As far as I can see, it appears to be a download site, available in a variety of languages. The software on offer is stuff that's freely available at other genuine sites - there doesn't appear to be any cracks etc. They do offer quite a few P2P programmes though. McAfee haven't rated it yet, but it seems OK. Have you tried to change your homepage back to whatever you want? I would just drop those icons in the bin.


----------



## Kalim (Nov 24, 2006)

christopher2405 said:


> I don't know where they came from (probably my brother) but 4 icons have appeared on my desktop that link to a variation of the above. The icons are:
> 
> Download Programs
> Translator
> ...


This sort of thing, especially desktop icons is from installation of a program usually.


----------



## christopher2405 (May 2, 2007)

OK thanks, yeah, my homepage can be successfully changed back. Post back if there are any more issues.


----------



## christopher2405 (May 2, 2007)

***UPDATE***​
I have NIS 2007 scheduled to run every Friday at 3.30pm. This Friday, Norton found my usual tracking cookie, and removed it, however it also found IRCFAST, which it classified under Security Risk - High.

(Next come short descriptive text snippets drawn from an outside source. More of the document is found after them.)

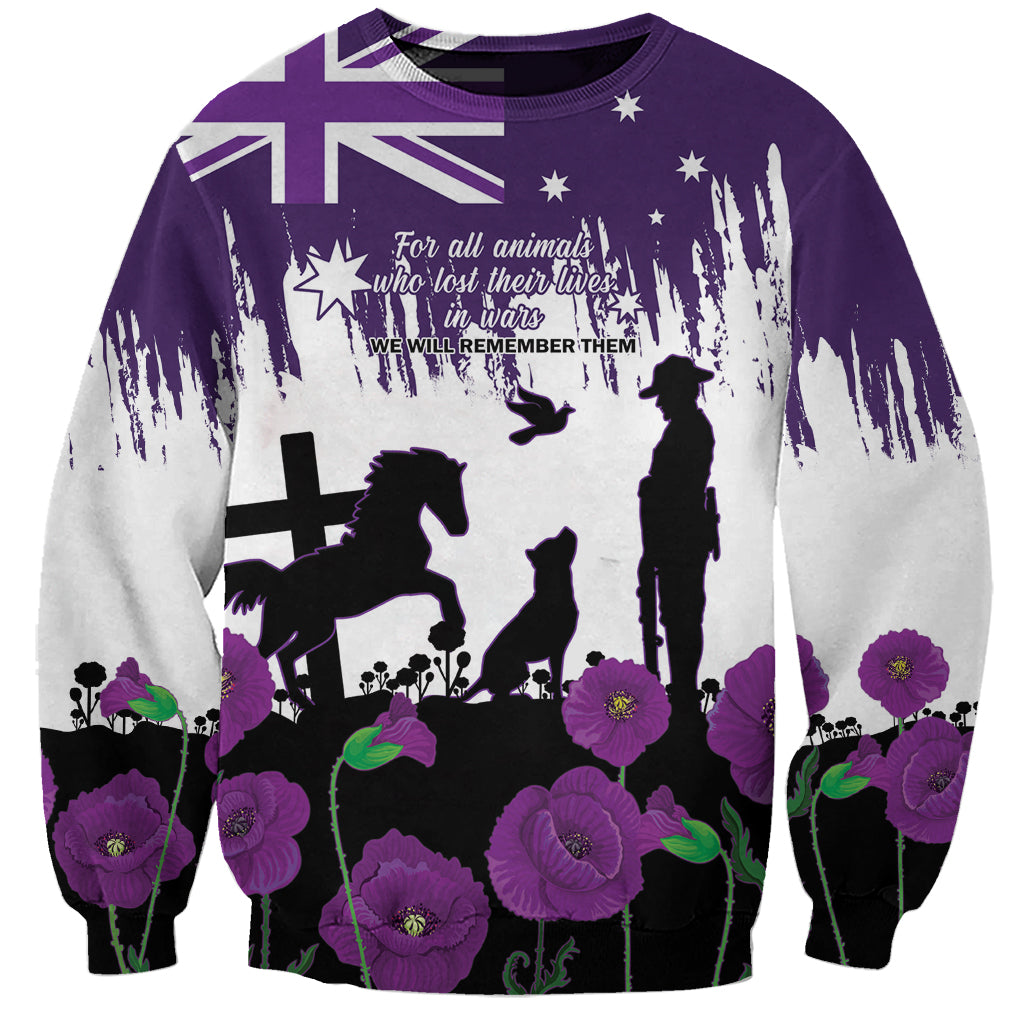 Australia Animal Heroes ANZAC Sweatshirt Purple Poppy We Will Remember Them - Vibe Hoodie Shop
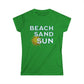 Green t-shirt with 'Beach Sand Sun' text and sun graphic on a white background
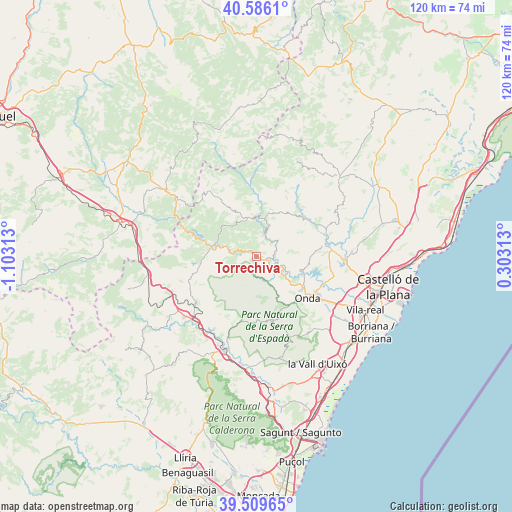 Torrechiva on map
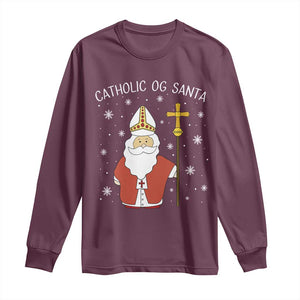 Saint Nicholas Catholic Christmas Long Sleeve Shirt TS14 Maroon Print Your Wear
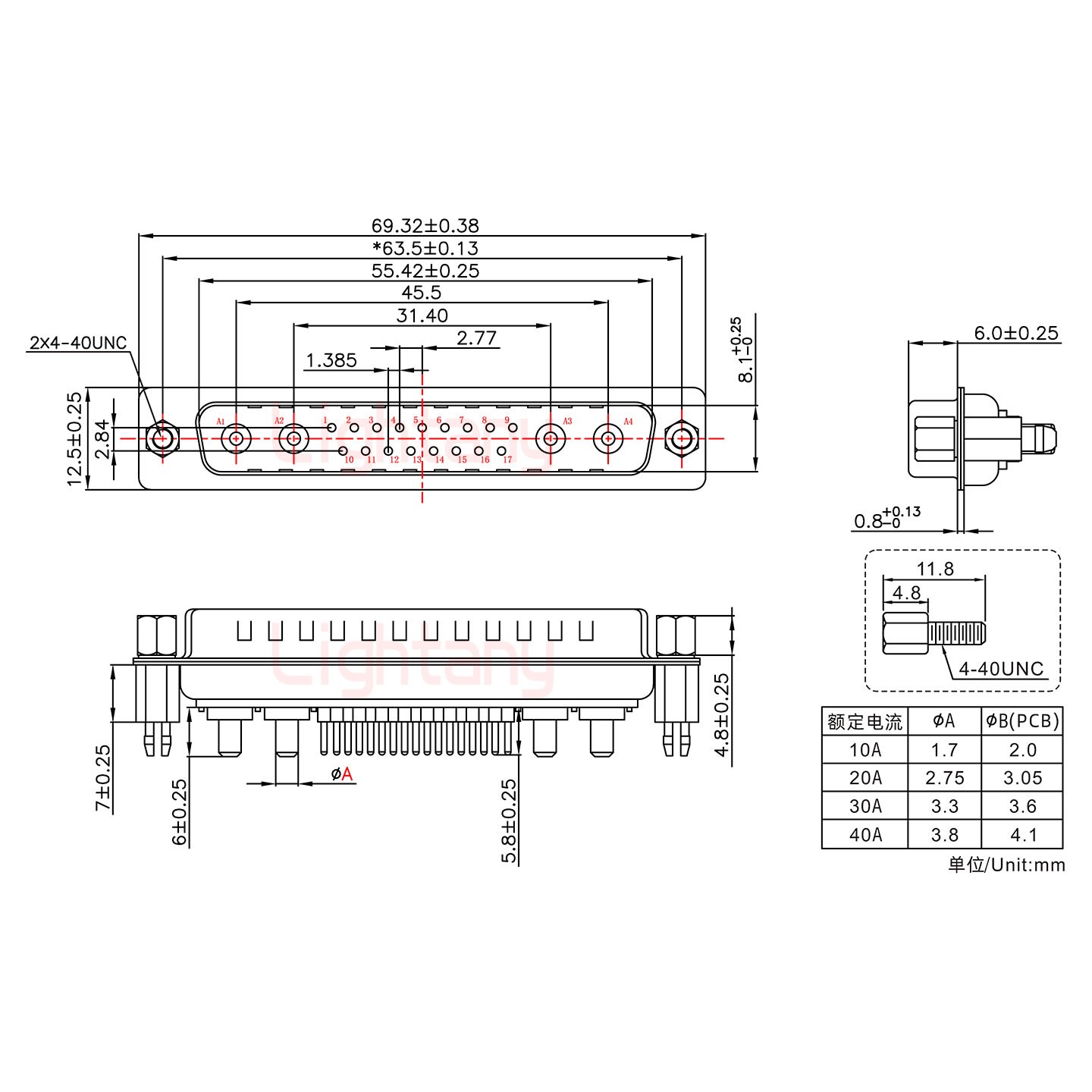 21W4公PCB直插板/铆鱼叉7.0/大电流20A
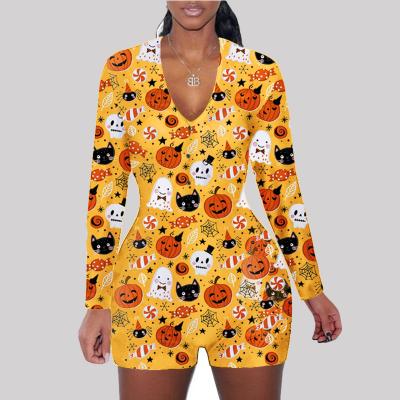 China Foma D9447 Breathable Wholesale Printed Pajama Home Romper Long Sleeve Shorts Plus Size Women Sleepwear For Halloween for sale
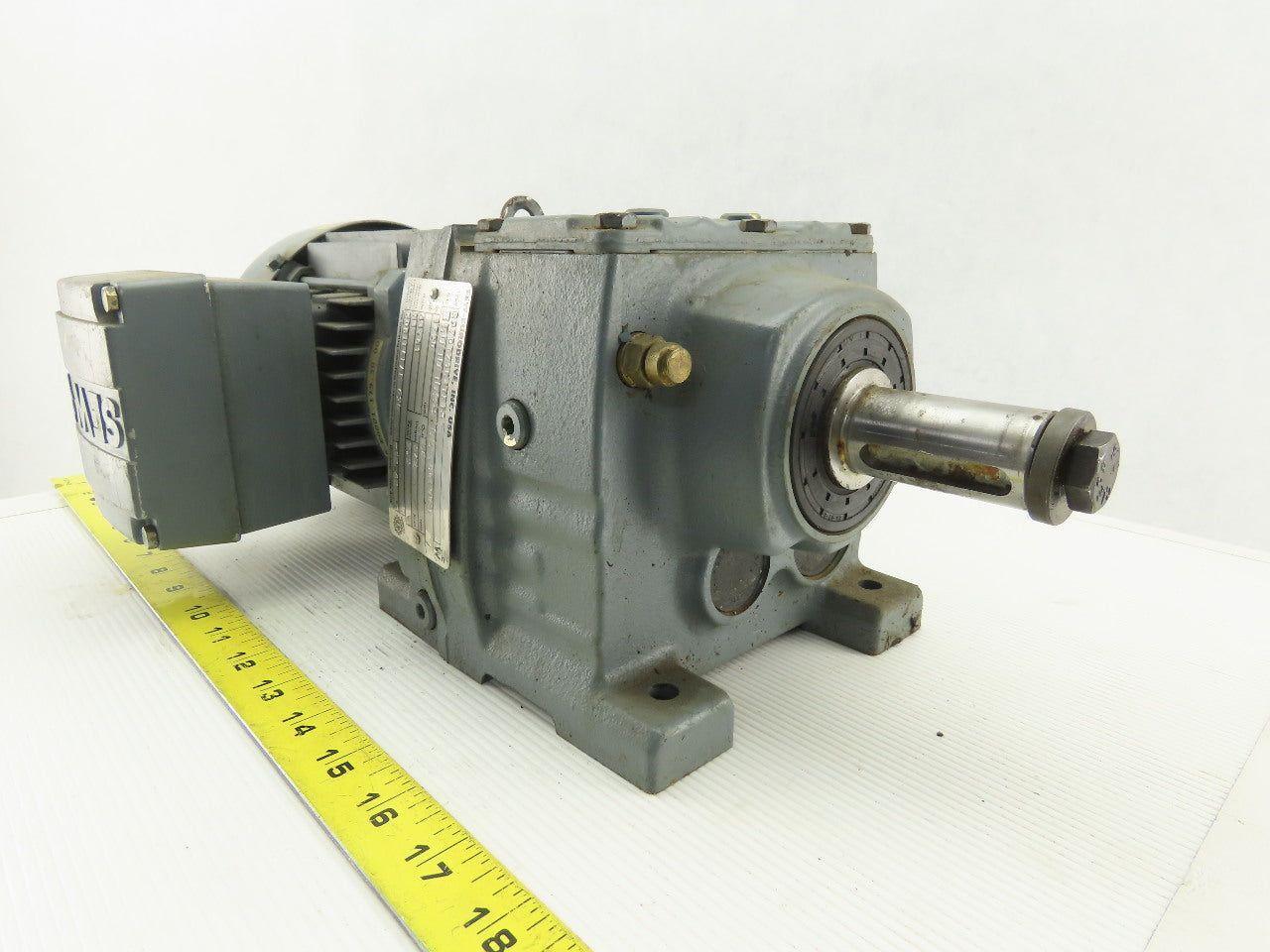 Sew Eurodrive R37DT71C4TFIS 1/3HP Motor 230/460V 3Ph W/44.81:1 Inline Gearbox
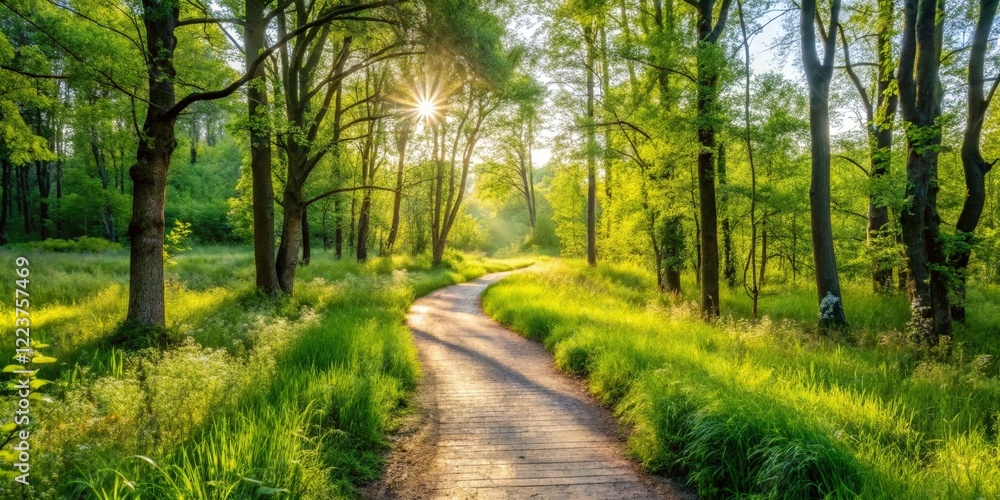 Fototapeta premium Sunlit Forest Path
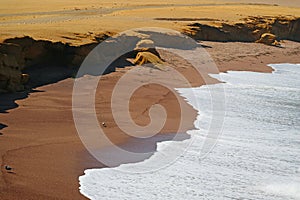 The Red Beach or Playa Roja with pure white wave foam from the Pacific ocean, Paracas National Reserve in Peru photo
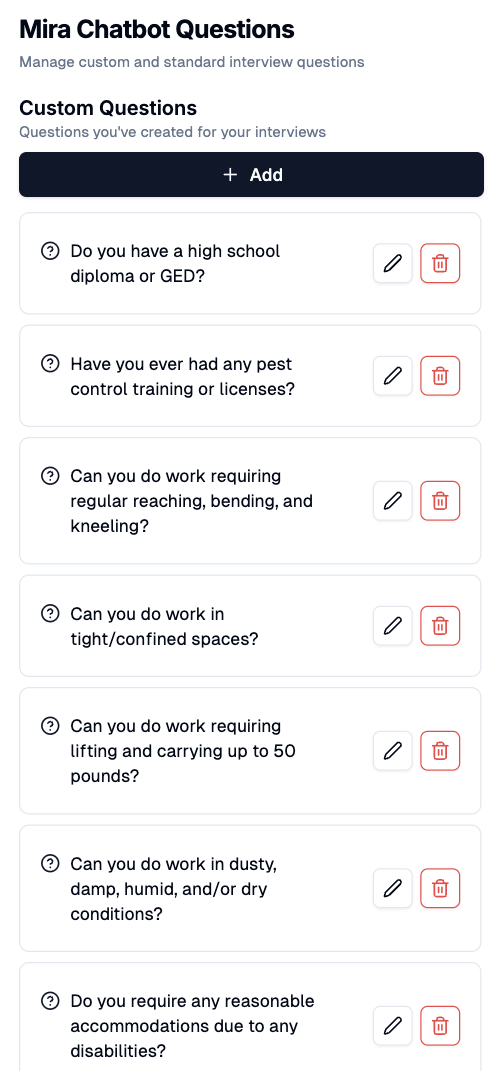 Mira Custom Interview Questions
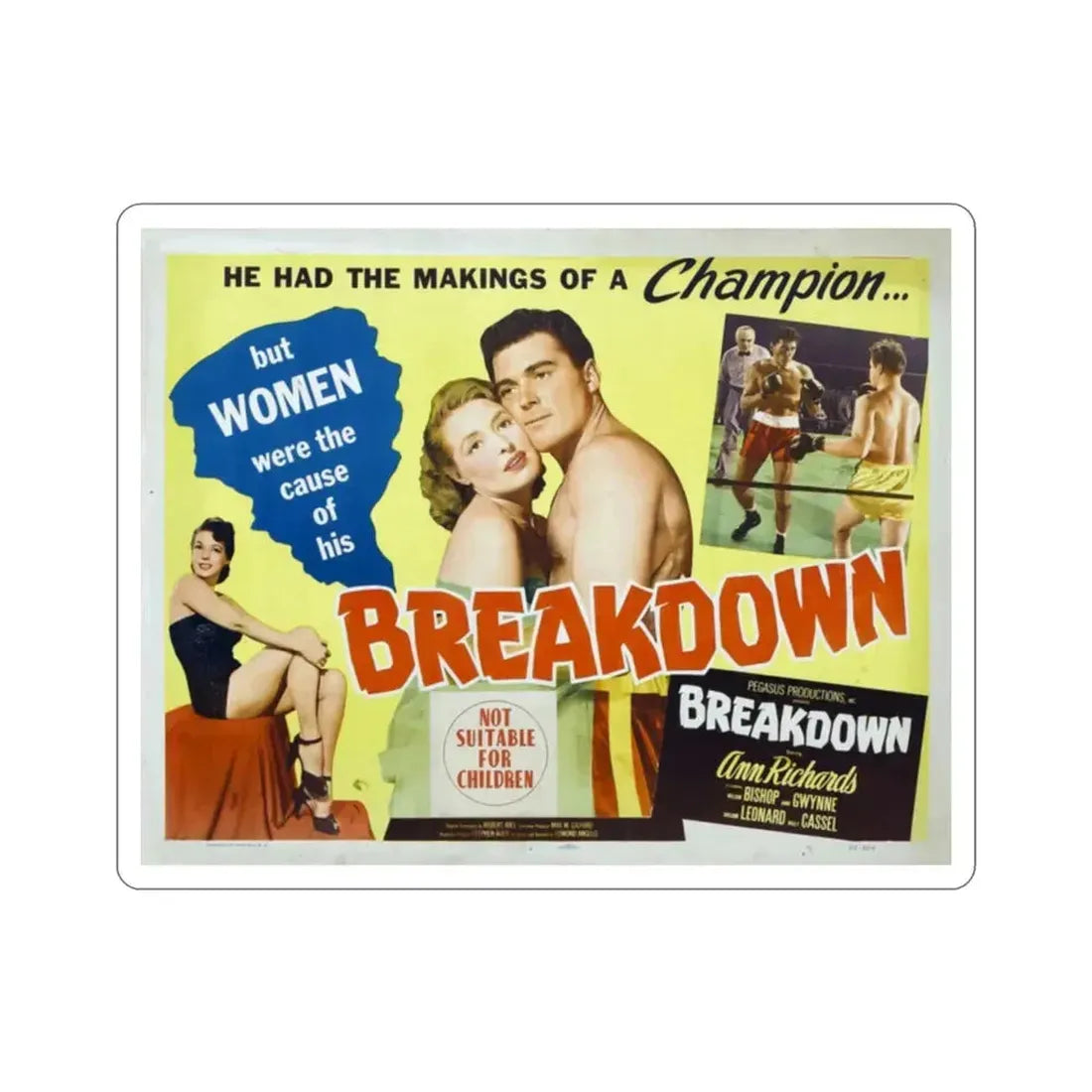 Breakdown 1952 Movie Poster STICKER Vinyl Die-Cut Decal 2 Inch - The Sticker Space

Norton cannot remove this manually, but tells the user it should be removed.

Thanks for help, hope this helps any future queries.


----------



## Kalim (Nov 24, 2006)

Hi Christopher

Norton rates the software as Adware due to it's behavior:











*Removal instructions:* http://www.symantec.com/security_response/writeup.jsp?docid=2007-062111-1851-99&tabid=3

So it would be best to get rid of it, following their instructions. If you encounter any problems then post back and one of the experienced guys will help you. :smile:


----------



## christopher2405 (May 2, 2007)

Thanks, all clear now (I think). Icons wre still there afterwards, but could easily be deleted in the usual fashion.


----------



## Anubis2108 (Jun 10, 2008)

Hey. I got this when i downloaded a driver for my mouse at the website. Because i had to navigate around with only my keyboard i think i accidently said Agree to something i shoulden. However the only sympton i got here is that if i am entering a website in Firefox without "WWW" and "COM" etc it will redirect to the website mentioned above.

I would very much like any advise on how to remove this stuff. I allready tryed reinstalling firefox, even to another directory. And as the user above i changed my start page back to normal without any problems.

Thanks in advance.


----------